Task brief:
Write back each entry precisely as it is given.

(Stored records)
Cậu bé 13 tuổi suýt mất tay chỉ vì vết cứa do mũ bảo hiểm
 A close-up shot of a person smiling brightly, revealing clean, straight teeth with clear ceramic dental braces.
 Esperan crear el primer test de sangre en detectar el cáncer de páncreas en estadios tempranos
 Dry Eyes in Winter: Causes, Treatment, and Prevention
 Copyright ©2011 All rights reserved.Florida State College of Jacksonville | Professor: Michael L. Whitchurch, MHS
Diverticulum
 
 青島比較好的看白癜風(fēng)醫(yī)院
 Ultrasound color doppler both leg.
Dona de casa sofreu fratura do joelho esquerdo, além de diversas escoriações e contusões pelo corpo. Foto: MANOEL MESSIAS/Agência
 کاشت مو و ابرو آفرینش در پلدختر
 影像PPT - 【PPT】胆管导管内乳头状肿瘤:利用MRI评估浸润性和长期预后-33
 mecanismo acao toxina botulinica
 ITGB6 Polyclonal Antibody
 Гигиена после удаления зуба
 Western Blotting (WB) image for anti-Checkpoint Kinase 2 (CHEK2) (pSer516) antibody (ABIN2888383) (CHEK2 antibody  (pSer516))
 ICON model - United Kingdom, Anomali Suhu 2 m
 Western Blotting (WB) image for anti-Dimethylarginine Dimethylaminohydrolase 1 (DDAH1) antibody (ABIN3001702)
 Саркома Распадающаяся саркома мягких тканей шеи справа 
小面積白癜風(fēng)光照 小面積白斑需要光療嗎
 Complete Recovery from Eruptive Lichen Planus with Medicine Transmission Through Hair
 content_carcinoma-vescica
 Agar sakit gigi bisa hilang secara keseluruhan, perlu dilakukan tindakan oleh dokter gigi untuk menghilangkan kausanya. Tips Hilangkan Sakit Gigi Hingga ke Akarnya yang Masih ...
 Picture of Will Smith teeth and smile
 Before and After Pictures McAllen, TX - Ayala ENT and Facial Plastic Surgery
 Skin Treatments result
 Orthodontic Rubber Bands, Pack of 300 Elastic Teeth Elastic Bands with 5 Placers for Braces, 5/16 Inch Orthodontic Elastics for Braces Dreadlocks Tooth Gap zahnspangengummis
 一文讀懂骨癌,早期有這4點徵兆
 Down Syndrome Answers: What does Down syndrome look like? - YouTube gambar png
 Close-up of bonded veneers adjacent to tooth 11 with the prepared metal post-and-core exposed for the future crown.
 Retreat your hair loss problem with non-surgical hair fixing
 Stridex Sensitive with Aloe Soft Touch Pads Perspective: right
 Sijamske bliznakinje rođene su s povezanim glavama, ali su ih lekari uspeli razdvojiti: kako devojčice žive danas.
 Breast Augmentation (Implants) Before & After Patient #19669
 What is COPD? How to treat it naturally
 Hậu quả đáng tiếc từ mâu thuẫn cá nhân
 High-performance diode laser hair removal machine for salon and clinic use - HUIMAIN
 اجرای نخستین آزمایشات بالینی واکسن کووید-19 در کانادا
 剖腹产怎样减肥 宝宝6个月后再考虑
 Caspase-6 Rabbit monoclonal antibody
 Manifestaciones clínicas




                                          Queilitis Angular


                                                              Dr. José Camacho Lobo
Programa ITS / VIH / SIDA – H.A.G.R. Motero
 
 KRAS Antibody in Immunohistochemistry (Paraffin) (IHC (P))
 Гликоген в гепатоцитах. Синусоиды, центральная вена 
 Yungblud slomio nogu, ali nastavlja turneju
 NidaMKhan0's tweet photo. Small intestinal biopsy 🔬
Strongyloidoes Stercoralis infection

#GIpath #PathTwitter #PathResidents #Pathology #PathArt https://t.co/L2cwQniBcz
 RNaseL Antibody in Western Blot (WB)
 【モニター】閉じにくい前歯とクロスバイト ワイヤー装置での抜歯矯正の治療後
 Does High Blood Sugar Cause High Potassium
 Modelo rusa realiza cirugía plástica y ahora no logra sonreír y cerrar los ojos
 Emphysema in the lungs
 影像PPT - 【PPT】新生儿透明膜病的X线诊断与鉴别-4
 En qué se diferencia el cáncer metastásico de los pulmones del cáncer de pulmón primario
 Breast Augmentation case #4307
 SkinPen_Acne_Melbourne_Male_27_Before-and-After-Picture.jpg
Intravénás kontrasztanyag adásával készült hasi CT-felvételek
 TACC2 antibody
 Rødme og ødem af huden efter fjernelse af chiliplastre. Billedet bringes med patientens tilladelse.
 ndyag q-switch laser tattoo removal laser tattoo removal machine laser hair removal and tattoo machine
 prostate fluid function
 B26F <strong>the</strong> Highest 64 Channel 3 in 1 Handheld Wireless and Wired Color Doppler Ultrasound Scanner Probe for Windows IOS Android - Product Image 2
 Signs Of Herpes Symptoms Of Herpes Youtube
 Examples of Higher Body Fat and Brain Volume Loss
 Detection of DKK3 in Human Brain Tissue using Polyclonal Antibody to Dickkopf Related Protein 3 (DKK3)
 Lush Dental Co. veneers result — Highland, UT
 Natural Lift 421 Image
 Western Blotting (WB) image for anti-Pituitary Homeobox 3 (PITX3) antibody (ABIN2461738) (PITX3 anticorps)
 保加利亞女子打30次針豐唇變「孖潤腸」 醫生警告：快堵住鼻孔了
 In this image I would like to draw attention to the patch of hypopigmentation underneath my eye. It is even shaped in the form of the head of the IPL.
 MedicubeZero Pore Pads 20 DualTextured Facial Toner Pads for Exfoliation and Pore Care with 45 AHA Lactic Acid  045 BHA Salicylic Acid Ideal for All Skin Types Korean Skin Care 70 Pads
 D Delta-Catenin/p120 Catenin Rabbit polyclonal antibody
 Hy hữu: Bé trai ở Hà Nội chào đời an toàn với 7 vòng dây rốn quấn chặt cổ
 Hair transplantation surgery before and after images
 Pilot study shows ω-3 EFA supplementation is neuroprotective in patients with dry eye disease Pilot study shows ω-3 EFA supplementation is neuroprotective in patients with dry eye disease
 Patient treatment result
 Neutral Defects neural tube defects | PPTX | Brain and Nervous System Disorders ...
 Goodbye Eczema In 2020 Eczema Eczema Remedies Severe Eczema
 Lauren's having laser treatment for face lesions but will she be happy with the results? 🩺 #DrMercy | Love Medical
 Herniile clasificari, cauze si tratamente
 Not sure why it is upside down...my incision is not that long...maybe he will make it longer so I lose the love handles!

Solution to this exercise:
Cậu bé 13 tuổi suýt mất tay chỉ vì vết cứa do mũ bảo hiểm
 A close-up shot of a person smiling brightly, revealing clean, straight teeth with clear ceramic dental braces.
 Esperan crear el primer test de sangre en detectar el cáncer de páncreas en estadios tempranos
 Dry Eyes in Winter: Causes, Treatment, and Prevention
 Copyright ©2011 All rights reserved.Florida State College of Jacksonville | Professor: Michael L. Whitchurch, MHS
Diverticulum
 
 青島比較好的看白癜風(fēng)醫(yī)院
 Ultrasound color doppler both leg.
Dona de casa sofreu fratura do joelho esquerdo, além de diversas escoriações e contusões pelo corpo. Foto: MANOEL MESSIAS/Agência
 کاشت مو و ابرو آفرینش در پلدختر
 影像PPT - 【PPT】胆管导管内乳头状肿瘤:利用MRI评估浸润性和长期预后-33
 mecanismo acao toxina botulinica
 ITGB6 Polyclonal Antibody
 Гигиена после удаления зуба
 Western Blotting (WB) image for anti-Checkpoint Kinase 2 (CHEK2) (pSer516) antibody (ABIN2888383) (CHEK2 antibody  (pSer516))
 ICON model - United Kingdom, Anomali Suhu 2 m
 Western Blotting (WB) image for anti-Dimethylarginine Dimethylaminohydrolase 1 (DDAH1) antibody (ABIN3001702)
 Саркома Распадающаяся саркома мягких тканей шеи справа 
小面積白癜風(fēng)光照 小面積白斑需要光療嗎
 Complete Recovery from Eruptive Lichen Planus with Medicine Transmission Through Hair
 content_carcinoma-vescica
 Agar sakit gigi bisa hilang secara keseluruhan, perlu dilakukan tindakan oleh dokter gigi untuk menghilangkan kausanya. Tips Hilangkan Sakit Gigi Hingga ke Akarnya yang Masih ...
 Picture of Will Smith teeth and smile
 Before and After Pictures McAllen, TX - Ayala ENT and Facial Plastic Surgery
 Skin Treatments result
 Orthodontic Rubber Bands, Pack of 300 Elastic Teeth Elastic Bands with 5 Placers for Braces, 5/16 Inch Orthodontic Elastics for Braces Dreadlocks Tooth Gap zahnspangengummis
 一文讀懂骨癌,早期有這4點徵兆
 Down Syndrome Answers: What does Down syndrome look like? - YouTube gambar png
 Close-up of bonded veneers adjacent to tooth 11 with the prepared metal post-and-core exposed for the future crown.
 Retreat your hair loss problem with non-surgical hair fixing
 Stridex Sensitive with Aloe Soft Touch Pads Perspective: right
 Sijamske bliznakinje rođene su s povezanim glavama, ali su ih lekari uspeli razdvojiti: kako devojčice žive danas.
 Breast Augmentation (Implants) Before & After Patient #19669
 What is COPD? How to treat it naturally
 Hậu quả đáng tiếc từ mâu thuẫn cá nhân
 High-performance diode laser hair removal machine for salon and clinic use - HUIMAIN
 اجرای نخستین آزمایشات بالینی واکسن کووید-19 در کانادا
 剖腹产怎样减肥 宝宝6个月后再考虑
 Caspase-6 Rabbit monoclonal antibody
 Manifestaciones clínicas




                                          Queilitis Angular


                                                              Dr. José Camacho Lobo
Programa ITS / VIH / SIDA – H.A.G.R. Motero
 
 KRAS Antibody in Immunohistochemistry (Paraffin) (IHC (P))
 Гликоген в гепатоцитах. Синусоиды, центральная вена 
 Yungblud slomio nogu, ali nastavlja turneju
 NidaMKhan0's tweet photo. Small intestinal biopsy 🔬
Strongyloidoes Stercoralis infection

#GIpath #PathTwitter #PathResidents #Pathology #PathArt https://t.co/L2cwQniBcz
 RNaseL Antibody in Western Blot (WB)
 【モニター】閉じにくい前歯とクロスバイト ワイヤー装置での抜歯矯正の治療後
 Does High Blood Sugar Cause High Potassium
 Modelo rusa realiza cirugía plástica y ahora no logra sonreír y cerrar los ojos
 Emphysema in the lungs
 影像PPT - 【PPT】新生儿透明膜病的X线诊断与鉴别-4
 En qué se diferencia el cáncer metastásico de los pulmones del cáncer de pulmón primario
 Breast Augmentation case #4307
 SkinPen_Acne_Melbourne_Male_27_Before-and-After-Picture.jpg
Intravénás kontrasztanyag adásával készült hasi CT-felvételek
 TACC2 antibody
 Rødme og ødem af huden efter fjernelse af chiliplastre. Billedet bringes med patientens tilladelse.
 ndyag q-switch laser tattoo removal laser tattoo removal machine laser hair removal and tattoo machine
 prostate fluid function
 B26F <strong>the</strong> Highest 64 Channel 3 in 1 Handheld Wireless and Wired Color Doppler Ultrasound Scanner Probe for Windows IOS Android - Product Image 2
 Signs Of Herpes Symptoms Of Herpes Youtube
 Examples of Higher Body Fat and Brain Volume Loss
 Detection of DKK3 in Human Brain Tissue using Polyclonal Antibody to Dickkopf Related Protein 3 (DKK3)
 Lush Dental Co. veneers result — Highland, UT
 Natural Lift 421 Image
 Western Blotting (WB) image for anti-Pituitary Homeobox 3 (PITX3) antibody (ABIN2461738) (PITX3 anticorps)
 保加利亞女子打30次針豐唇變「孖潤腸」 醫生警告：快堵住鼻孔了
 In this image I would like to draw attention to the patch of hypopigmentation underneath my eye. It is even shaped in the form of the head of the IPL.
 MedicubeZero Pore Pads 20 DualTextured Facial Toner Pads for Exfoliation and Pore Care with 45 AHA Lactic Acid  045 BHA Salicylic Acid Ideal for All Skin Types Korean Skin Care 70 Pads
 D Delta-Catenin/p120 Catenin Rabbit polyclonal antibody
 Hy hữu: Bé trai ở Hà Nội chào đời an toàn với 7 vòng dây rốn quấn chặt cổ
 Hair transplantation surgery before and after images
 Pilot study shows ω-3 EFA supplementation is neuroprotective in patients with dry eye disease Pilot study shows ω-3 EFA supplementation is neuroprotective in patients with dry eye disease
 Patient treatment result
 Neutral Defects neural tube defects | PPTX | Brain and Nervous System Disorders ...
 Goodbye Eczema In 2020 Eczema Eczema Remedies Severe Eczema
 Lauren's having laser treatment for face lesions but will she be happy with the results? 🩺 #DrMercy | Love Medical
 Herniile clasificari, cauze si tratamente
 Not sure why it is upside down...my incision is not that long...maybe he will make it longer so I lose the love handles!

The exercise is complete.